Selon Oracle, l’Ampere Altra ne calcule certes pas plus vite qu’un AMD Epyc dans le benchmark DGEMM, mais il est moins cher.

(Image : Oracle)

Amazon mise également sur les cœurs ARM Neoverse N1 ainsi que sur huit canaux de RAM pour le Graviton2 qu’il a conçu lui-même ; mais ici, 64 cœurs au maximum sont disponibles. Les instances fonctionnant sur ce système (C6g.15xlarge) se mettent en scène dans les benchmarks HPC OpenFOAM et WRF avec un rapport qualité/prix de 37 à 40 % supérieur à celui d’Intel Skylake et Intel Cascade Lake. Ici aussi, c’est notamment la bande passante mémoire plus élevée qui aide.

Les systèmes d’exploitation, les compilateurs et les bibliothèques de programmation pour les processeurs de serveurs ARM doivent encore être améliorés. Les exploitants de centres de données du Edinburgh Parallel Computing Center (epcc) en Écosse ont acquis trois ans d’expérience avec leur système HPE Apollo 70 appelé Fulhame. Il est équipé de processeurs ThunderX2 de Cavium (maintenant Marvell). Fulhame est une version plus petite de l' »Astra » du Sandia National Lab, qui est classé 393e dans le Top500.

Système ARM HPC « Fulhame » à l’eppc, Edinburgh

(Image : eppc, Edinburgh)

Les Écossais s’étaient réjouis que SLES 15 for HPC apporte enfin le support de SLURM et de Lustre, même s’il y avait quelques problèmes de performance avec Lustre. MPI posait également problème, mais uniquement pour les très gros messages de plus de 16 Go, et les pilotes Infiniband pour Mellanox posaient également problème. Les nouvelles versions de SLES-15 ne présentent plus ce défaut, mais il est dommage qu’elles ne supportent plus Lustre. Les Écossais préfèrent donc rester avec l’ancien SLES 15.

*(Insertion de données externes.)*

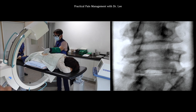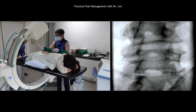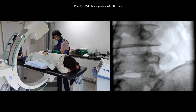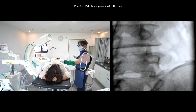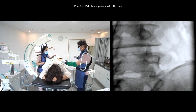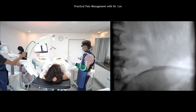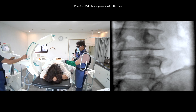First, let me turn to the ipsilateral oblique view. I'll infiltrate the local anesthetics after marking the skin under SIAM guidance. Please wait — there is something wrong with the patient's position. The patient is not comfortable and is rotated. Let me fix the position and stabilize the body with a supportive wedge. Now I'm happy!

Pendant ce temps, un beau projet est en cours à l’université de Stony Brooks (SBU) sous le nom d’Ookami (loup) : un système A64FX pour « presque tout le monde ». Les chercheurs du monde entier peuvent s’inscrire pour obtenir du temps de calcul gratuit. Selon Eva Siegmann de SBU, cela fonctionne très bien. Les utilisateurs obtiennent rapidement de bonnes performances, souvent plus que sur des ordinateurs Intel/AMD comparables pour les applications gourmandes en mémoire. Avec MPI, il y a cependant parfois des problèmes, car toutes les bibliothèques MPI présentent des « issues », selon Siegmann.

Pour obtenir des performances de calcul vraiment élevées, il faut aborder SVE de manière ciblée, mais les compilateurs et les chaînes d’outils ne sont pas encore tout à fait au point. GNU-C/C++ propose certes le SVE, mais il manque des bibliothèques vectorielles importantes. Fujitsu et Cray possèdent certes de telles bibliothèques pour leurs compilateurs respectifs, mais ces derniers ont six ans de retard et en sont encore au stade de C++14.

ARM lui-même a sa propre chaîne d’outils basée sur LLVM 11, qui est certes à jour en ce qui concerne C++ (C++20) – mais FORTRAN est en baisse, OpenMP n’est supporté que jusqu’à la V3.2 et Fortran 2008 seulement partiellement.